EXERCISE. Using the listing below, set down exactly the lines starting at the line that contains "Coser@白栎Shirly: 长崎素世 BanG" and ending at the line that contains "IP20, SAMBOBOX-CZ-FR-U-2-01 2", both included, and no others.

EXTRACTED DATA.

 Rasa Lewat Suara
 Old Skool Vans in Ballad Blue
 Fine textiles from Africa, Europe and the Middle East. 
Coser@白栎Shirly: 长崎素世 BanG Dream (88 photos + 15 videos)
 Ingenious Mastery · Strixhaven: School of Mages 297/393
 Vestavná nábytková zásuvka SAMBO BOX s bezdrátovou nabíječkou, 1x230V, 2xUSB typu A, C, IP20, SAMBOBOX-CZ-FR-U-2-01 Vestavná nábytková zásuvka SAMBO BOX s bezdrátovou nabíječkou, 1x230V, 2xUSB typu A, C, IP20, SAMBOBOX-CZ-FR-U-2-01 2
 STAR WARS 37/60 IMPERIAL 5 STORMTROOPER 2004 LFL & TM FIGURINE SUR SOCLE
---
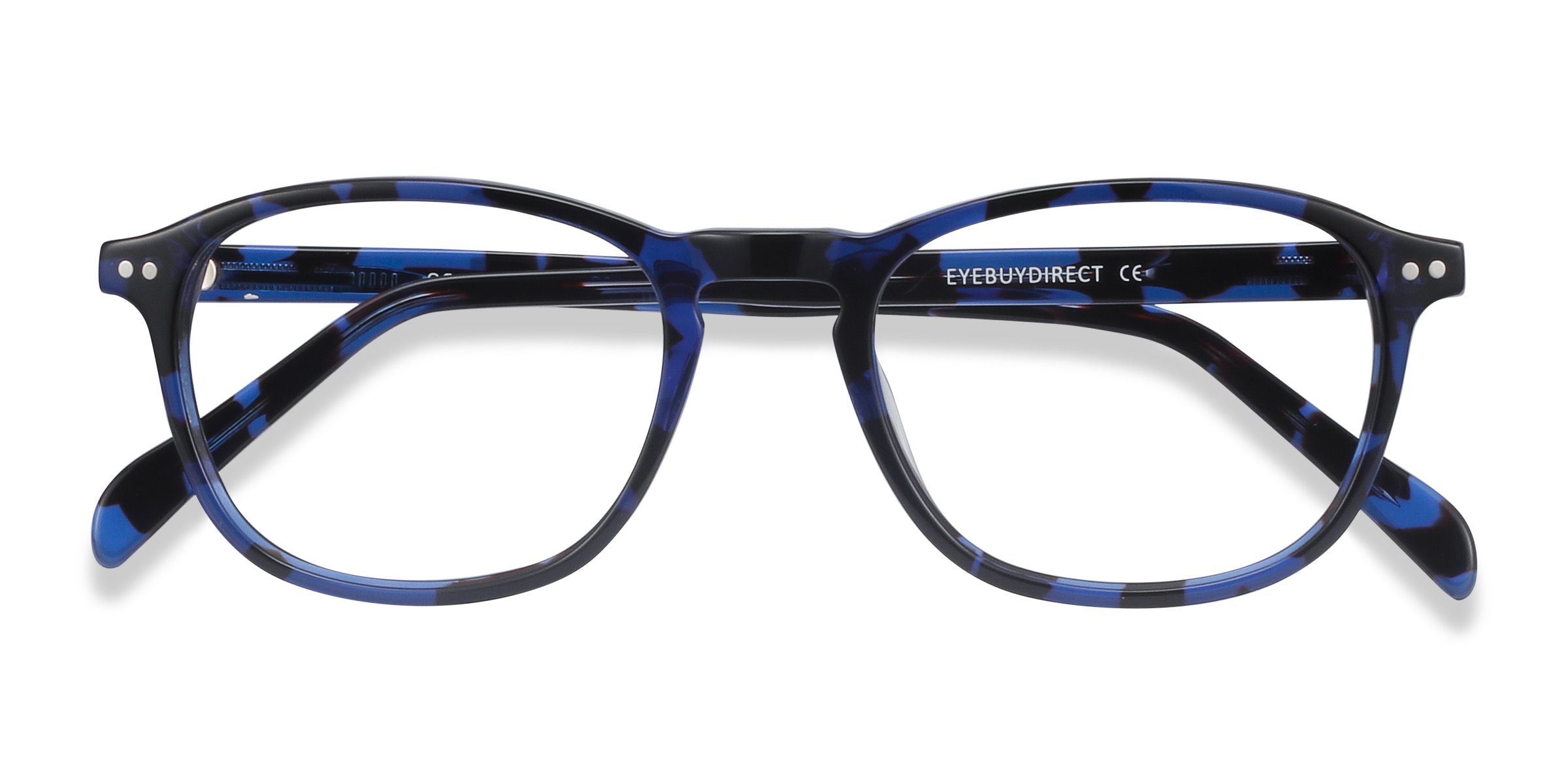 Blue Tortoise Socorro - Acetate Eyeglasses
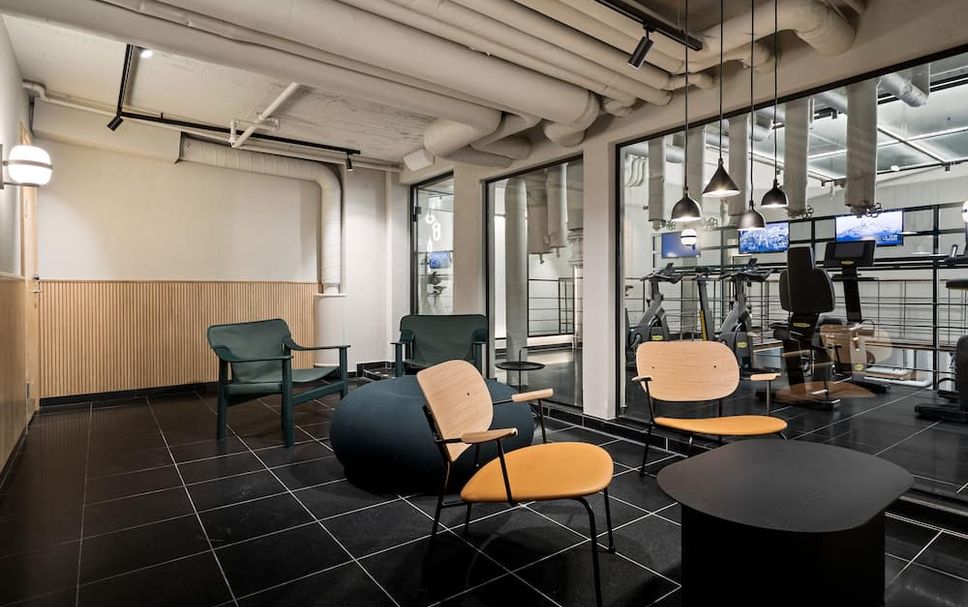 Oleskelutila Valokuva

OUTPUT OF THE TASK.
Coser@白栎Shirly: 长崎素世 BanG Dream (88 photos + 15 videos)
 Ingenious Mastery · Strixhaven: School of Mages 297/393
 Vestavná nábytková zásuvka SAMBO BOX s bezdrátovou nabíječkou, 1x230V, 2xUSB typu A, C, IP20, SAMBOBOX-CZ-FR-U-2-01 Vestavná nábytková zásuvka SAMBO BOX s bezdrátovou nabíječkou, 1x230V, 2xUSB typu A, C, IP20, SAMBOBOX-CZ-FR-U-2-01 2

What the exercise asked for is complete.